SUPPLIED DATA:
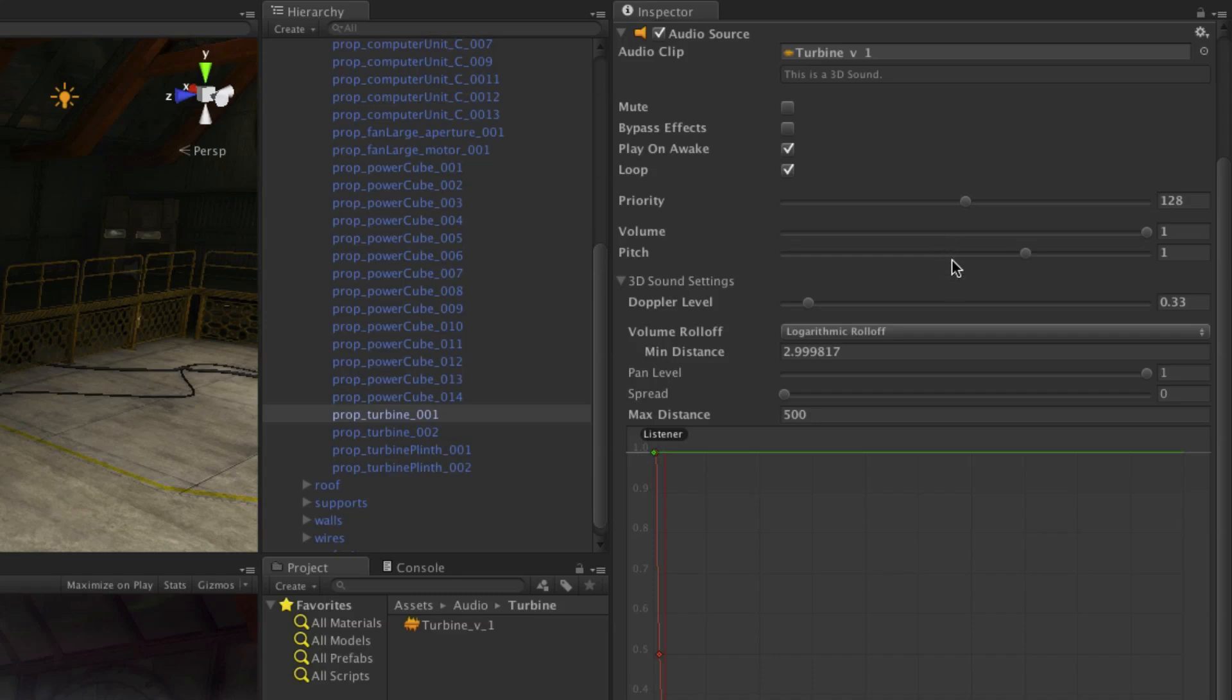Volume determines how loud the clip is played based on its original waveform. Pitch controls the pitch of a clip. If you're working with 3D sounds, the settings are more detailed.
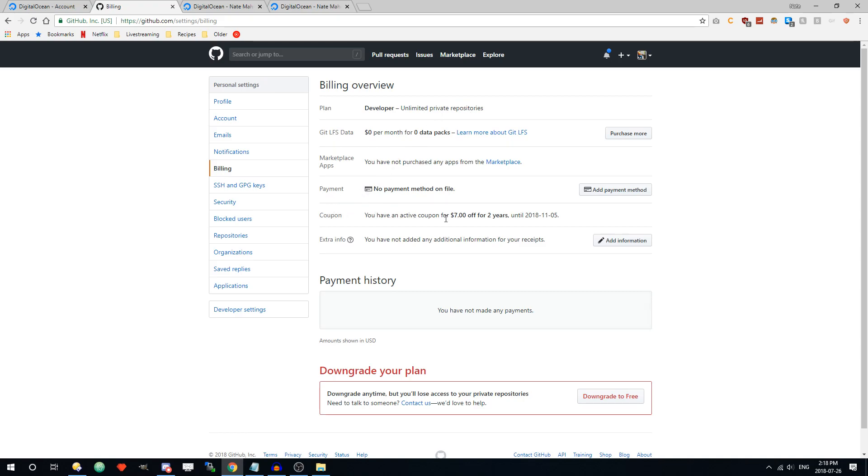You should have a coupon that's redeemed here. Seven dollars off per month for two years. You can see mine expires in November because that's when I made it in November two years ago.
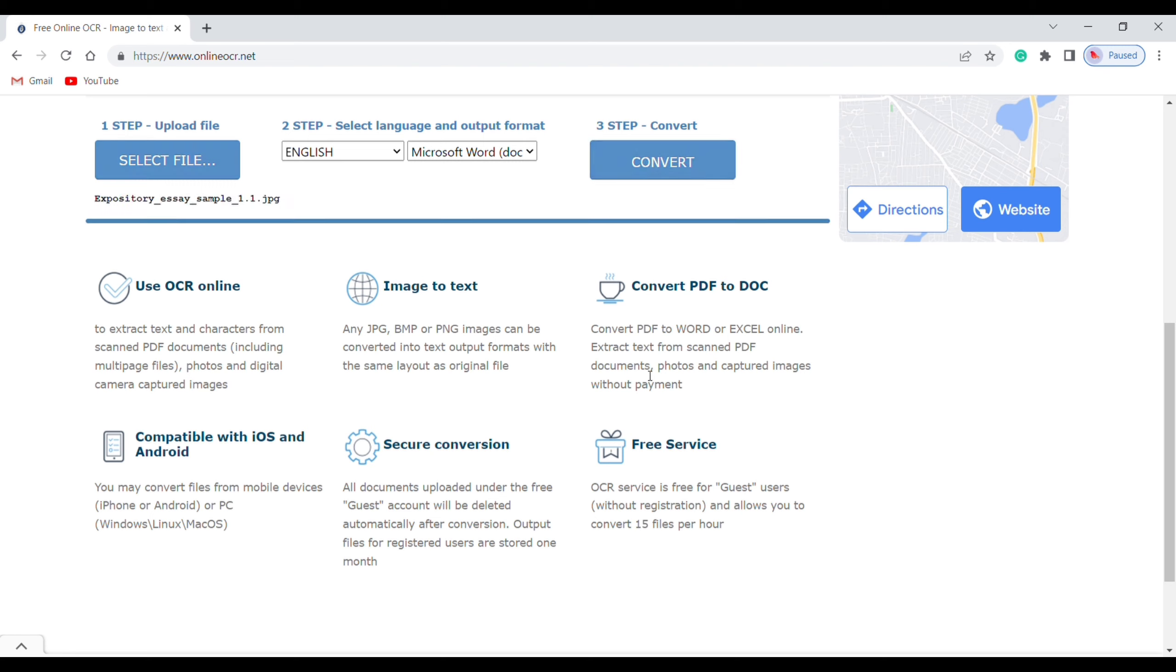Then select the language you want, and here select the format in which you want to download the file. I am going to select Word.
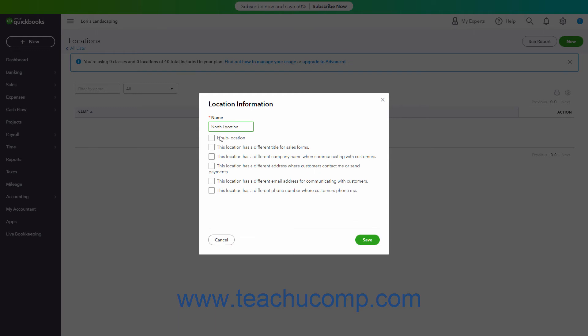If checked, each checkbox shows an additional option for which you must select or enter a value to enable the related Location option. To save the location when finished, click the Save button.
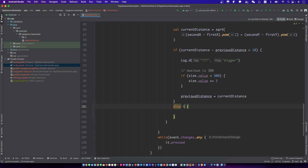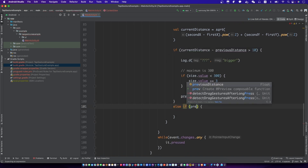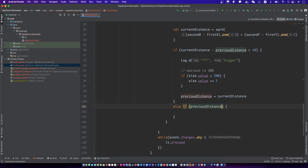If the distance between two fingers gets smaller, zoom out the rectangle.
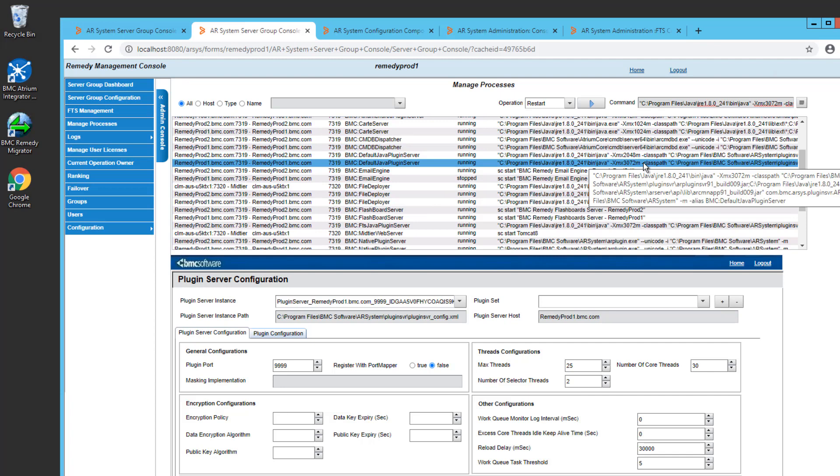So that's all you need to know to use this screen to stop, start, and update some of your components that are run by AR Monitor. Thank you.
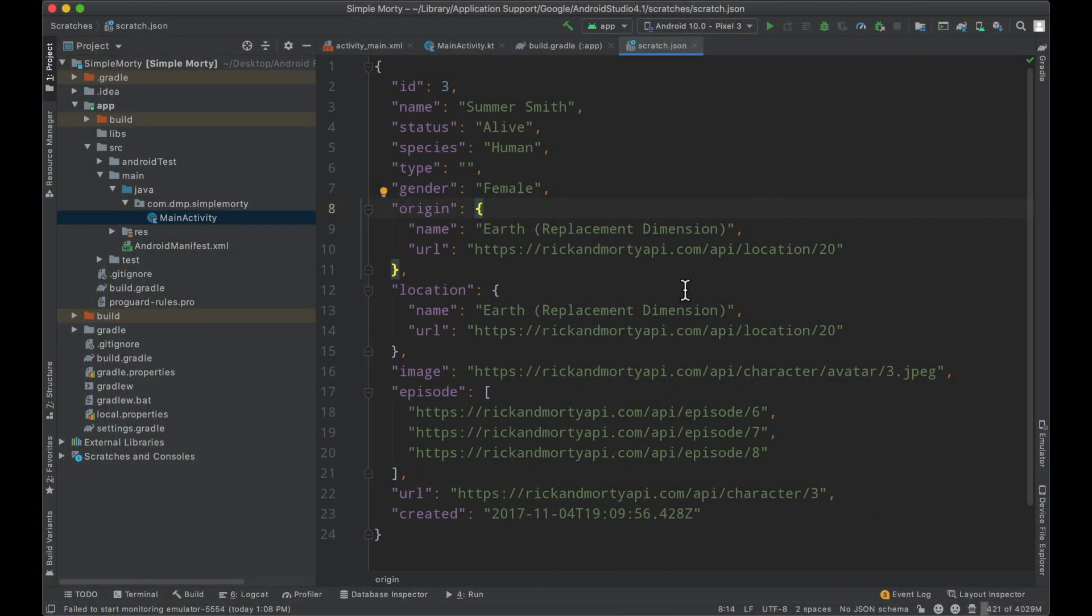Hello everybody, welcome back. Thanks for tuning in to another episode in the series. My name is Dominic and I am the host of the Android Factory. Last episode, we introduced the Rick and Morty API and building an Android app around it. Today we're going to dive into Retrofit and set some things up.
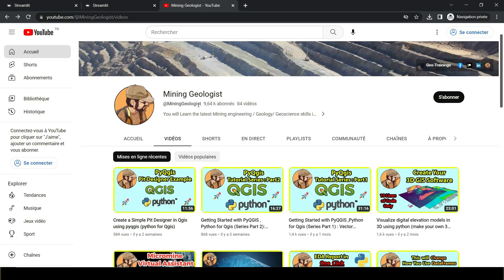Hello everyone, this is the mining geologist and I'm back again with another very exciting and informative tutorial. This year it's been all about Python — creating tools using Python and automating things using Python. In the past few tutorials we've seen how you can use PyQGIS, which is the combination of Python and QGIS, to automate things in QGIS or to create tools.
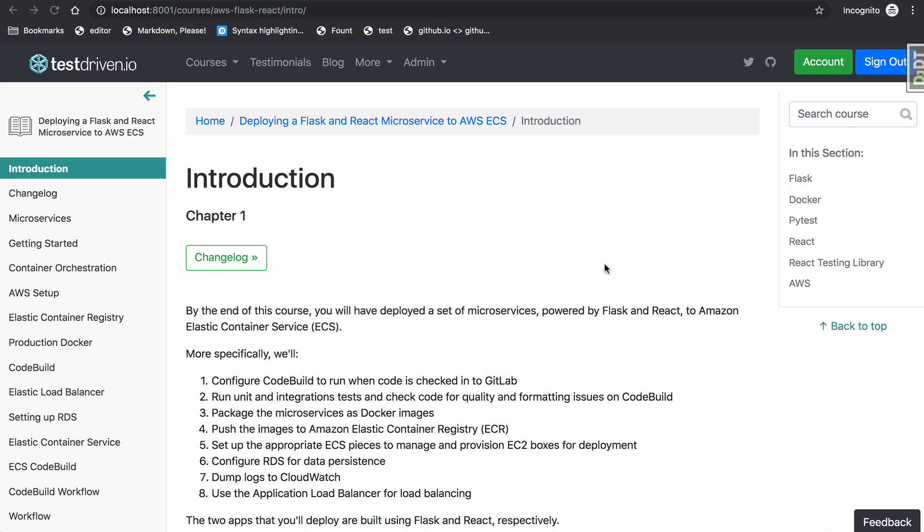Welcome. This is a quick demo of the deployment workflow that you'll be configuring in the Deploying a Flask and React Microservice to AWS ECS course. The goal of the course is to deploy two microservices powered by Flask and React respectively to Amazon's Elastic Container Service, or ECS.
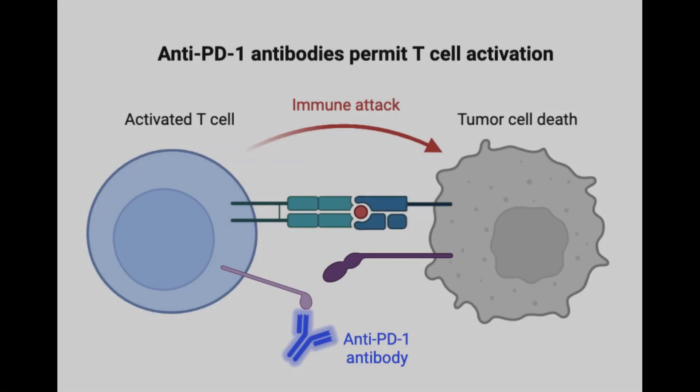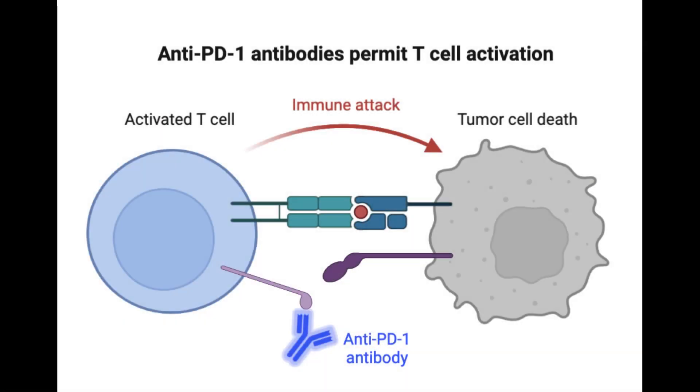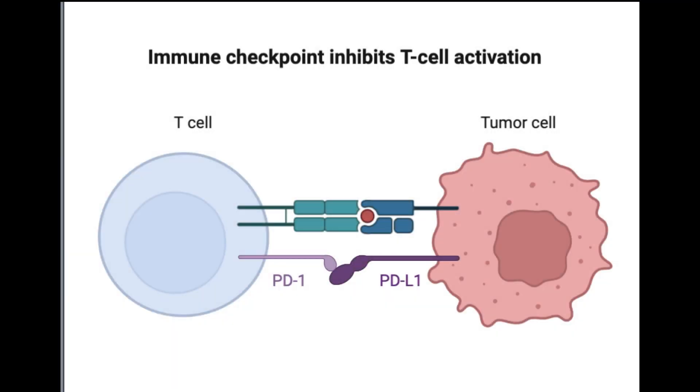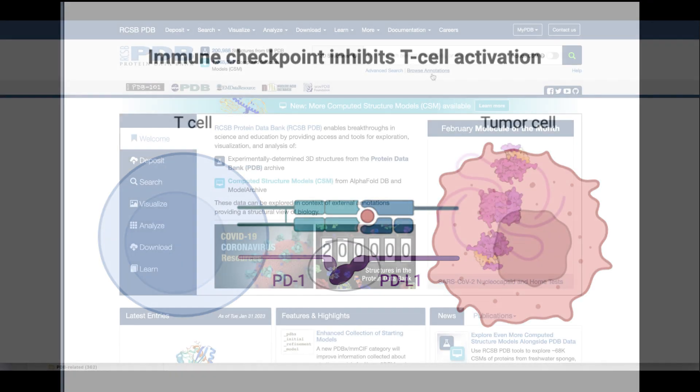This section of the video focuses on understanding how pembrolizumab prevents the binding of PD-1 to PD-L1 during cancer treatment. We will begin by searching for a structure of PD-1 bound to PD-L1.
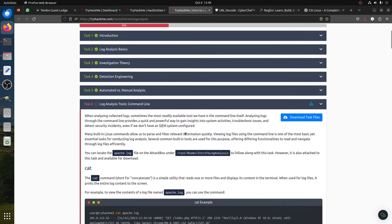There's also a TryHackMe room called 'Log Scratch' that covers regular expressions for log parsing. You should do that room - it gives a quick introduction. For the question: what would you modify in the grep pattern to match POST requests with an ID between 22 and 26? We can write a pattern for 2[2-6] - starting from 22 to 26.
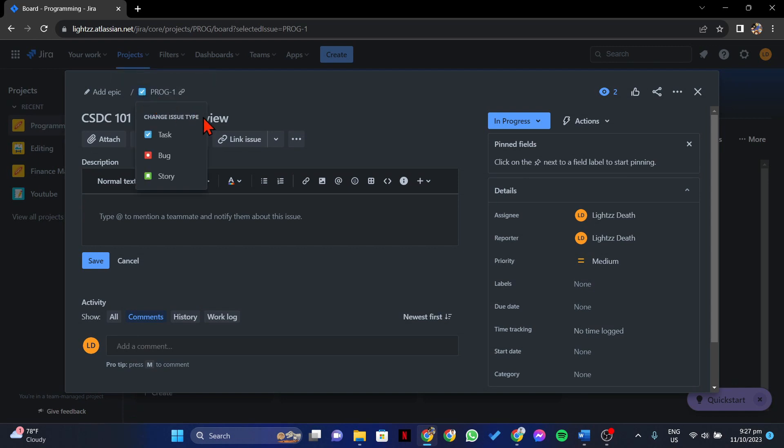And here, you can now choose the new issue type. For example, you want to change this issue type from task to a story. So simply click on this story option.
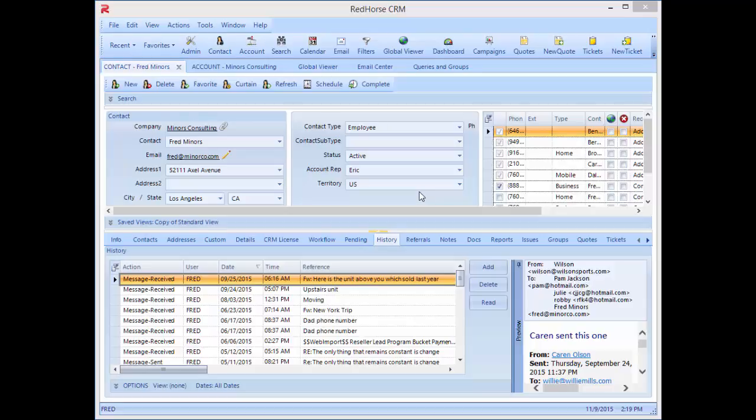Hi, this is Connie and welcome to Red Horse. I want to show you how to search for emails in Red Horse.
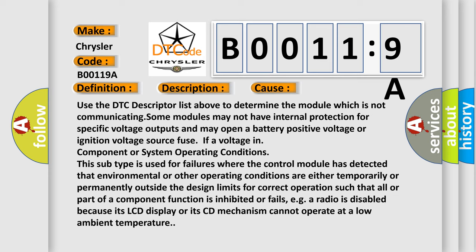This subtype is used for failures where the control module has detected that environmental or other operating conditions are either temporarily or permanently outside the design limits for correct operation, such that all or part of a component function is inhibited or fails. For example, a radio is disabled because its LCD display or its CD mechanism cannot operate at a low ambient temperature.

TASK:
Only one part of the listing is wanted: the lines from the one containing "There's also a" through the one containing "Hi, this is", both included. Please transcribe it exactly, leaving out the pictures.

RESPONSE TO THE TASK:
There's also a TryHackMe room called 'Log Scratch' that covers regular expressions for log parsing. You should do that room - it gives a quick introduction. For the question: what would you modify in the grep pattern to match POST requests with an ID between 22 and 26? We can write a pattern for 2[2-6] - starting from 22 to 26.
And here, you can now choose the new issue type. For example, you want to change this issue type from task to a story. So simply click on this story option.
Hi, this is Connie and welcome to Red Horse. I want to show you how to search for emails in Red Horse.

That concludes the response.